Another American soldier died yesterday. Three died the day before and another the day before and eight more the day before that.

No one seems to notice dead soldiers anymore. Everyone is too busy driving their cars and honking their horns and getting worked up over the price of gasoline and the stock market and whether or not Billy Crystal should play in a Spring Training game.

Marcus from Gerard Avenue in the Bronx only gets worked up about what’s pinned to his Yankee jacket. It’s a homemade button that has to be updated all the time.

Today it says:
3,987 dead Americans in Iraq.
How many did you know?

Marcus knew two.

“They were both neighborhood guys,” he says. “They joined the Army because they didn’t have a choice. They say there’s no draft in this country, but I guess that depends on where you’re from and how rich your family is.

“Guys around here get ‘drafted’ all the time,” Marcus explains. “You get out of high school and you can either join the military or deliver pizzas and live under a bridge in a cardboard box.”

Too many kids are coming home in wooden boxes these days.

“I made this button when my friends were killed,” Marcus says. “We had just passed 1,000 dead. I didn’t think it would last much longer, but now it looks like it might go on forever.

“They’re never going to run out of kids to send over there,” he continues. “People in places like the South Bronx are getting poorer and more desperate so they will keep ‘drafting’ themselves. And the people running this country will keep getting rich off it.”

And Marcus will keep adding up the cost.

“I’m sick of changing the number on this damn button,” he says. “I hoped it might make a difference, but it hasn’t so far. People in my neighborhood are too poor to do anything about it and no one else even seems to care.”


Henry said...

Everything this guy says is right. People don’t seem to care that American kids are dying in a war. I don’t think people are mean or heartless or anything like that. I think most people just don’t think about.

JoeyBoy said...

It is easy to live in this country and not even know there is a war going on. Since only poor people die why would “Jesus of Suburbia” care? We are a sad-ass society sometimes.

Pete said...

The points are valid about the "draft" in poor neighborhoods. I think there should be a draft and then everyone could fight instead of just the poor kids. Also, if there was a draft this war would be wrapped up in short order because it would all of a sudden become real to all the people that ignore it now.

Olivia said...

I agree with everything you have all said. I wish more people saw the war like this because I think it would end sooner. I think people are too busy to look or maybe they are too guilty and just want to bury their heads in the sand.

Olivia said...

…and I think it was fine for Billy Crystal to take that at bat. It’s spring camp and it’s baseball. This is supposed to be fun.

War is NOT fun.

Baseball is fun.

Does everyone have that?

Henry said...

Got it, Olivia. You are 100% right.

Larry Jaffe said...

Todd-- Man you really know how to put things in perspective. You are truly one of the best bloggers around if not the best. My respect for you has no limits. I have always thought that if politicians want wars they should send their own children to battle and put themselves on the front line. That would handle things fast.

michael o. allen said...

Marcus speaks a heartbreaking truth. But no one hears him. The policians no longer talk about Iraq (or Afghanistan). Come November, we will elect the most insane, the most power-hungry, the most war-loving among them as leaders.

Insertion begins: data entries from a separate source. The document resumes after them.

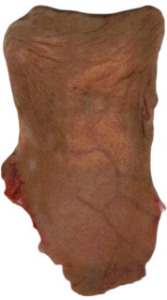 Foreskin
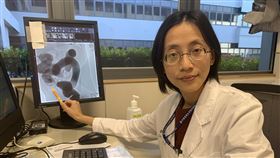 腸套疊,中國醫大新竹附醫,小兒科,（圖／中國醫大新竹附醫提供）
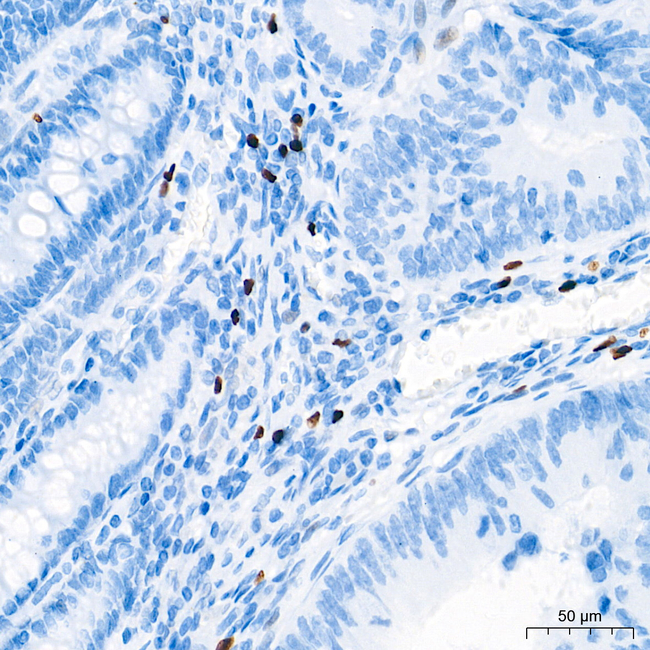 FOXP3 Antibody in Immunohistochemistry (Paraffin) (IHC (P))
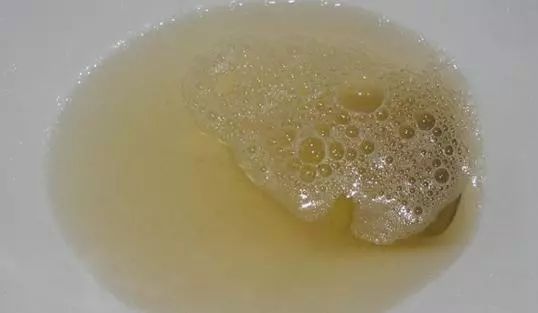 早晨小便尿里太多泡泡当心尿毒症袭来二多一少要记住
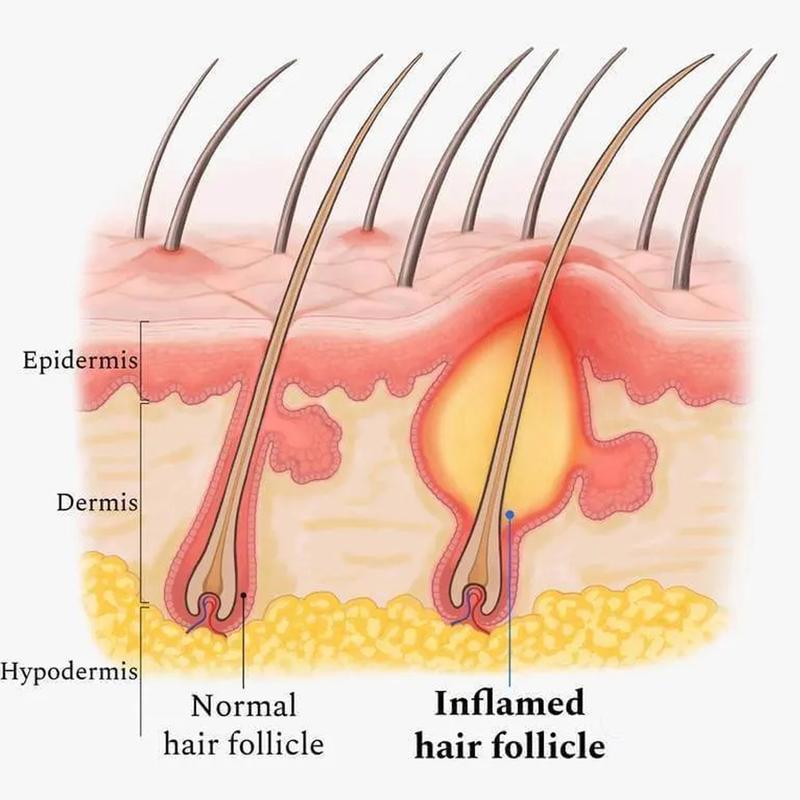 EELHOE Essential Oil For Scalp, And Hair Scalp Deep Cleaning And Repair Hair Root Anti-Itching And Anti-Loss Hair Solid Care Essential Oil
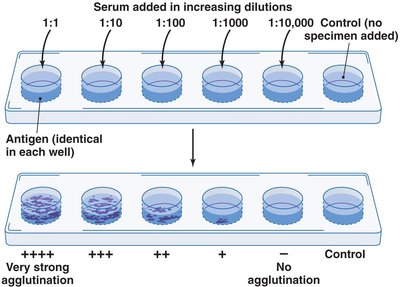 Use of agglutination to quantify antibody in a sample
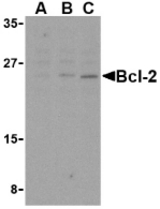 Western blot of Bcl-2 in A-20 cell lysates with Bcl-2 antibody at (A) 1, (B) 2, and (C) 4 ug/ml.
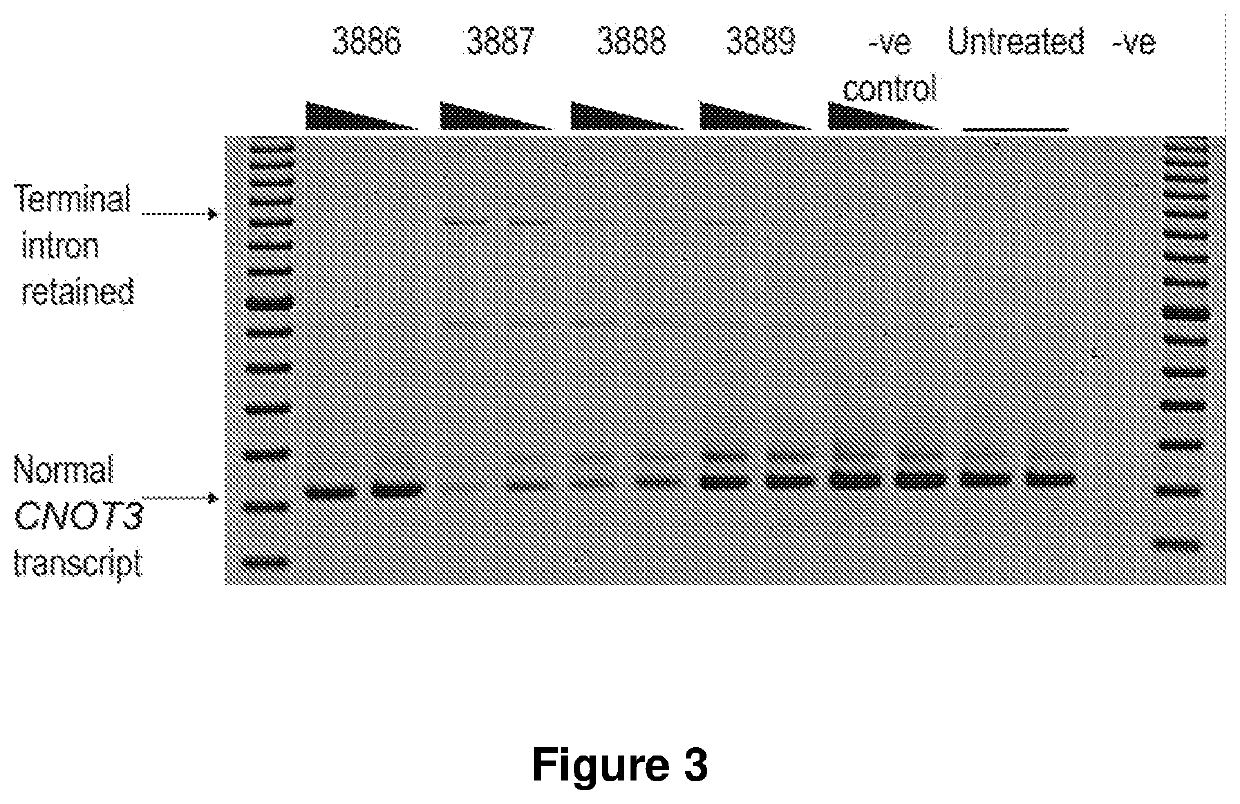 Novel Retinitis Pigmentosa Treatment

Some other persons' sons and daughters, fathers, mothers, brothers, sister, uncles, aunts will keep dying in these wars.


Jason said...

I agree with you all. This war has been costly in Iraqi and American lives, grotesquely expensive and destructive, and a foreign policy nightmare for the US--a thoroughgoing disgrace. It's also conducted as such by design--outside the purview of most of the country--volunteer army, embedded journalists, poorly analyzed by corporate media, framed by administration lies and deceit.

As long as many people get their bread and circuses, they don't care about the human costs of things, including this war. Disgraceful.

There is lots of good information and journalism being done about these wars, but they're too often ignored. Thanks for keeping the impact of the war on the soldiers and everyday people back home in our sights.